Use whatever nuts and seeds you already have. Like with most recipes, it is more about customizing everything with your twists.
- 1/2 cup unsweetened coconut flake
- 2 cups slivered raw almonds (slivered almonds do best here)
- 1 1/4 cup raw pecans
- 1 cup raw walnuts
- 3 Tbsp chia seeds
- 1 Tbsp flaxseed meal
- 1 1/2 tsp ground cinnamon (optional)
- 2 Tbsp coconut, cane, or muscovado sugar
- 1/4 tsp sea salt
- 3 tbsp coconut or olive oil
- 1/3 scant cup maple syrup (or sub agave or honey if not vegan)
- 1/4 cup dried blueberries (optional // or other dried fruit)
- 1/4 cup roasted unsalted sunflower seeds (optional)

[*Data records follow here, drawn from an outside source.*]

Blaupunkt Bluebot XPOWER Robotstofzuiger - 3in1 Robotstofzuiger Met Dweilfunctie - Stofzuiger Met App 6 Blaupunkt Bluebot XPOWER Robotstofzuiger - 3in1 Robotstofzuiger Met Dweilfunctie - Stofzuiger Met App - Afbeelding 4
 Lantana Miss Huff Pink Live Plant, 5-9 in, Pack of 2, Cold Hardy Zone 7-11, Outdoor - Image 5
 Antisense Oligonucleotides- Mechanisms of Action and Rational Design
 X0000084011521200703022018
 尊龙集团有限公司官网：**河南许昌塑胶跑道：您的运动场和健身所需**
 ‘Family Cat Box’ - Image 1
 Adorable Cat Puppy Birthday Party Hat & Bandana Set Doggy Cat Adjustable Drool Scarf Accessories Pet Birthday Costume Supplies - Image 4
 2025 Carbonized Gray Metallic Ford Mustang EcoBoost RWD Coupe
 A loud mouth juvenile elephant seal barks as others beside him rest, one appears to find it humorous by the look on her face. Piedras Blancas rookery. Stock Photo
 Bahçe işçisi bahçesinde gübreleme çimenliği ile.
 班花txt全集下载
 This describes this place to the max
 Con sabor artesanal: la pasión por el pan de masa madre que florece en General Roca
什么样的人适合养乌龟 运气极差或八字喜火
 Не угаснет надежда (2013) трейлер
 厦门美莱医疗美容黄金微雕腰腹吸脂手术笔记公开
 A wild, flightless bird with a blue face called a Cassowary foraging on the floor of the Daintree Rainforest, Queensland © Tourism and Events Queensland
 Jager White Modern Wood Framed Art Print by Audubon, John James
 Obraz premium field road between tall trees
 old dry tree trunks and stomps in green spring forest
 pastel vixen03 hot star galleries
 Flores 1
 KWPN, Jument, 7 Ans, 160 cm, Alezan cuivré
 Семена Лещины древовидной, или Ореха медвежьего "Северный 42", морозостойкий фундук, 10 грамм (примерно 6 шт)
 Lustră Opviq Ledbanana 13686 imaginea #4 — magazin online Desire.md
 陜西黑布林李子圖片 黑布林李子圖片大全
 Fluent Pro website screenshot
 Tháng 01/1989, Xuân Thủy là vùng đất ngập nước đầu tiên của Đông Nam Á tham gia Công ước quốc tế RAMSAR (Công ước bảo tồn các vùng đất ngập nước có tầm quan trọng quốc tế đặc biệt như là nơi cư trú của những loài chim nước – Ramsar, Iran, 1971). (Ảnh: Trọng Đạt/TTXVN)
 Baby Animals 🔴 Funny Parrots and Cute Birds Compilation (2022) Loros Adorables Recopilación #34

- Preheat the oven to 325 degrees F (162 C) and position a rack in the center of the oven.
- In a large mixing bowl, combine the coconut, nuts, chia seeds, flaxseed, cinnamon, coconut sugar, and salt.
- In a small saucepan over low heat, warm the coconut oil and maple syrup, pour over the dry ingredients and mix well.
- Spread the mixture evenly onto a large baking sheet (may require two depending on size) and bake for 20 minutes. Then remove from oven, add dried blueberries, and roasted sunflower seeds, and stir.
- Increase heat to 340 degrees F (171 C) and return to oven for another 5-8 minutes, or until deep golden brown.
- The coconut oil will help this granola crisp up nicely, but be sure to observe it as it browns quickly.
- Once the granola is visibly browned and done cooking (about 27 minutes total for me), remove it from the oven and let it cool completely.
- Store in a container with an air-tight seal, and it should keep for a few weeks.
There you have it. For us, this recipe is a traveling companion. We use it as a paleo snack, and since the children genuinely enjoy it, it is a favorite that just keeps coming back!